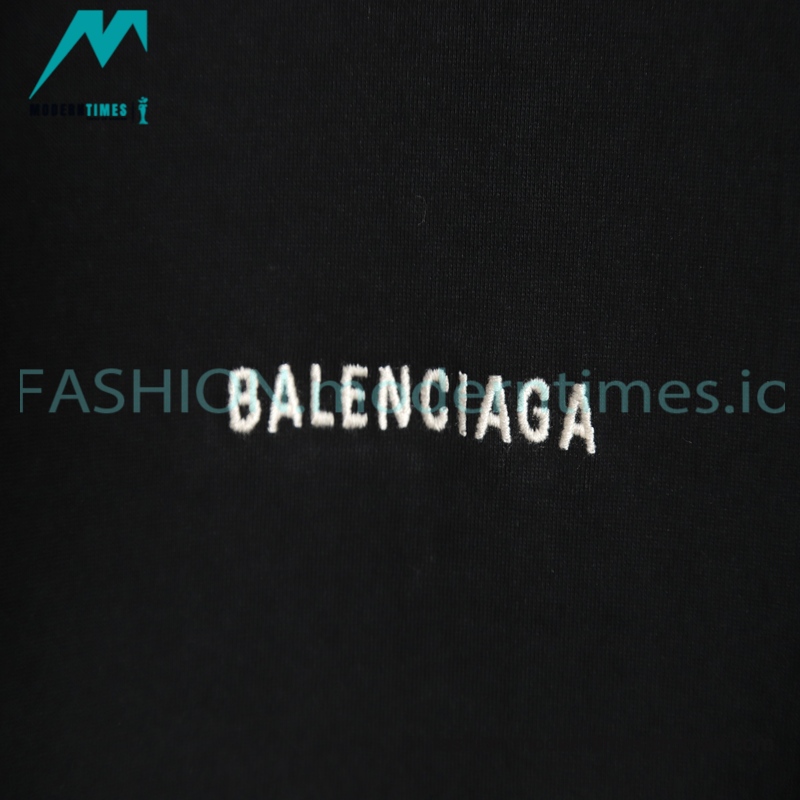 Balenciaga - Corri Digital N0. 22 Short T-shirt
---+---
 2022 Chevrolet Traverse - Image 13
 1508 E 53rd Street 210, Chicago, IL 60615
---+---
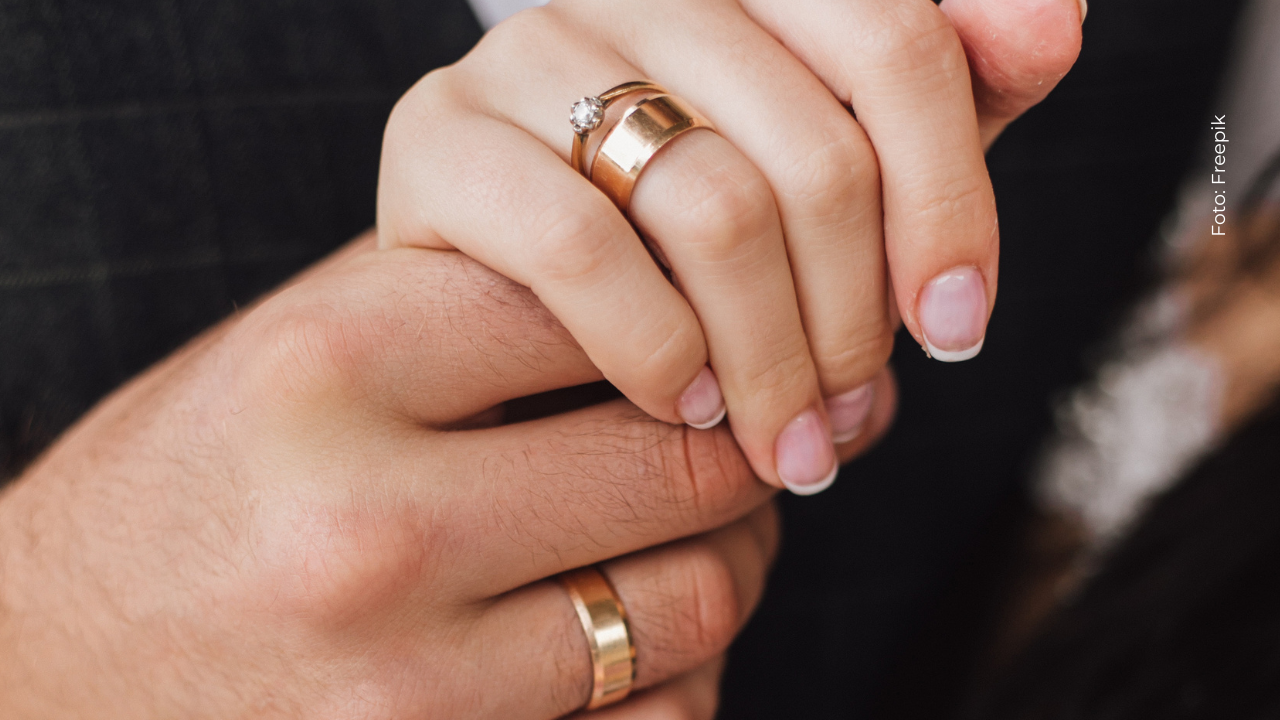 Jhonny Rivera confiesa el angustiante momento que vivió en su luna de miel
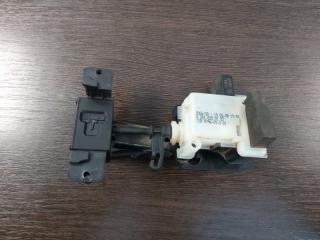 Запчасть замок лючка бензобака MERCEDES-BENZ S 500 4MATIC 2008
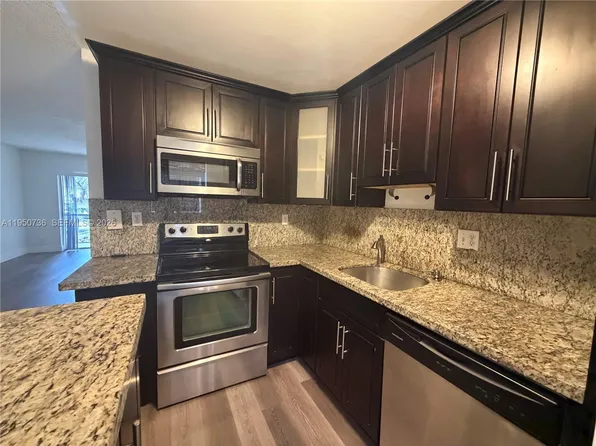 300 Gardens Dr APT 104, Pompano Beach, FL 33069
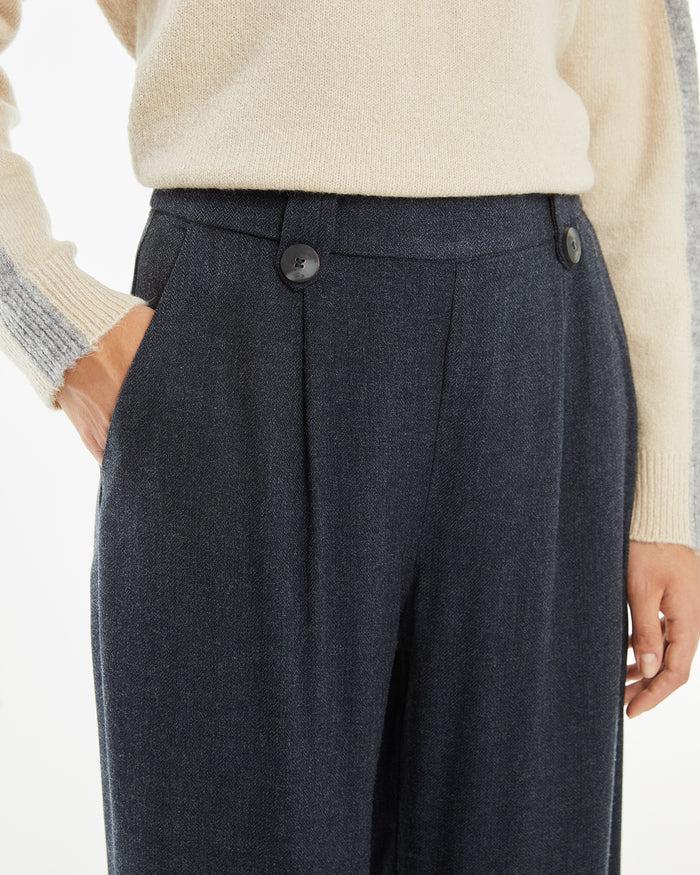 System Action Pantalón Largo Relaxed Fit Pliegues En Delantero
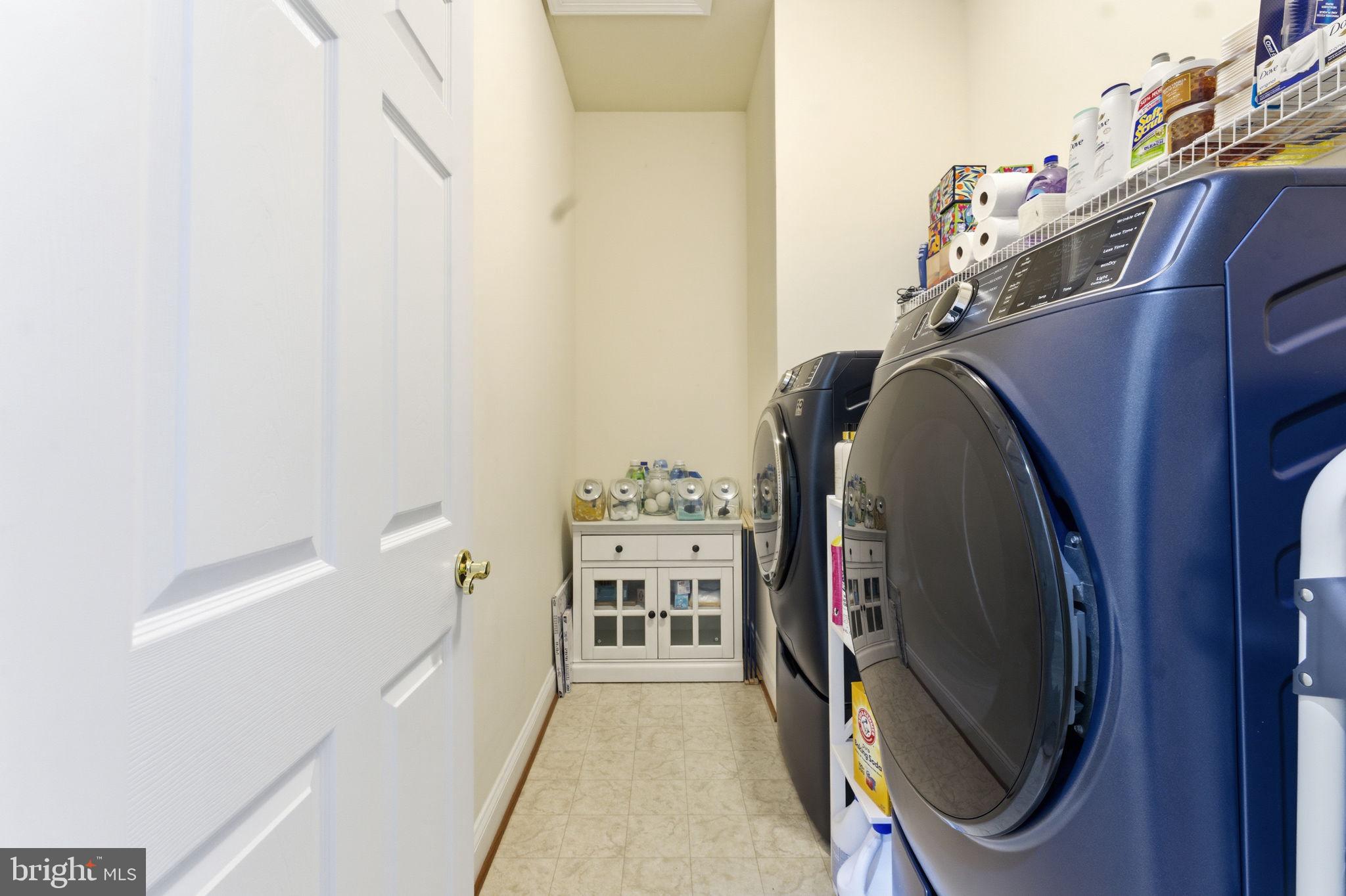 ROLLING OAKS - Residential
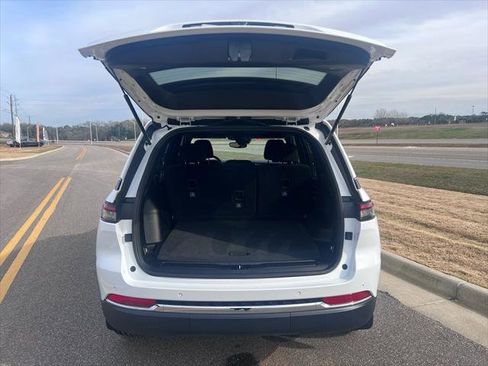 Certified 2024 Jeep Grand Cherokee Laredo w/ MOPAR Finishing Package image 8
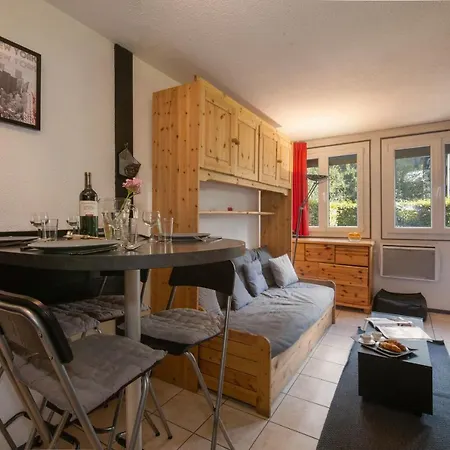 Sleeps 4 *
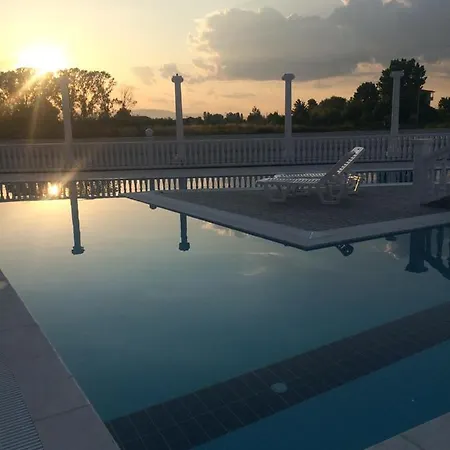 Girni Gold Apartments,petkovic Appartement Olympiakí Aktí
---+---
About this exercise: Starting at the line above that contains "System Action Pantalón", transcribe every line exactly through the line that contains "Girni Gold Apartments,petkovic", including that last one, and skip the pictures.

Solution to the problem:
 System Action Pantalón Largo Relaxed Fit Pliegues En Delantero
 ROLLING OAKS - Residential
 Certified 2024 Jeep Grand Cherokee Laredo w/ MOPAR Finishing Package image 8
 Sleeps 4 *
 Girni Gold Apartments,petkovic Appartement Olympiakí Aktí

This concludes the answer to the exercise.